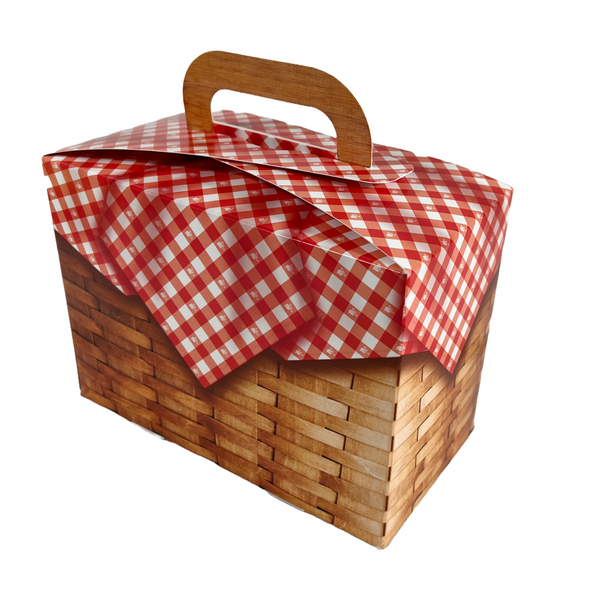 100 Boxes -  Picnic Basket Tote Gable Boxes with Handles - 8-1/2" x 6" x 4-1/2"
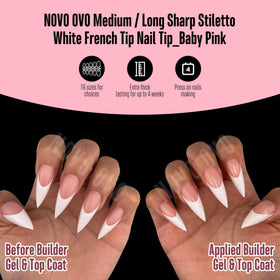 NOVO OVO finished manicure showing baby-pink French stiletto look and salon finish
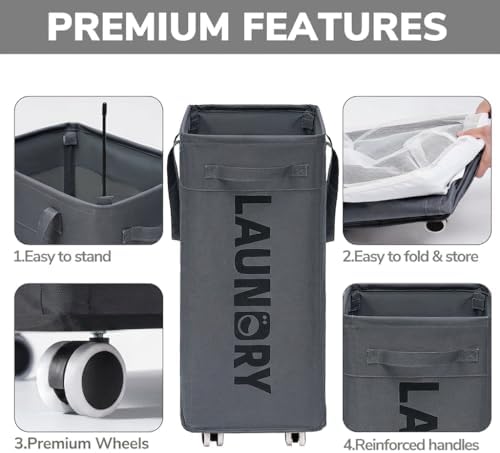 Goodpick 75L Laundry Basket with Wheels & Removable Wash Bag for Dorm - Image 4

- **Exercise details**:
Copy the material shown above in full and exactly. Skip the pictures.

- **Result below**:
 100 Boxes -  Picnic Basket Tote Gable Boxes with Handles - 8-1/2" x 6" x 4-1/2"
 NOVO OVO finished manicure showing baby-pink French stiletto look and salon finish
 Goodpick 75L Laundry Basket with Wheels & Removable Wash Bag for Dorm - Image 4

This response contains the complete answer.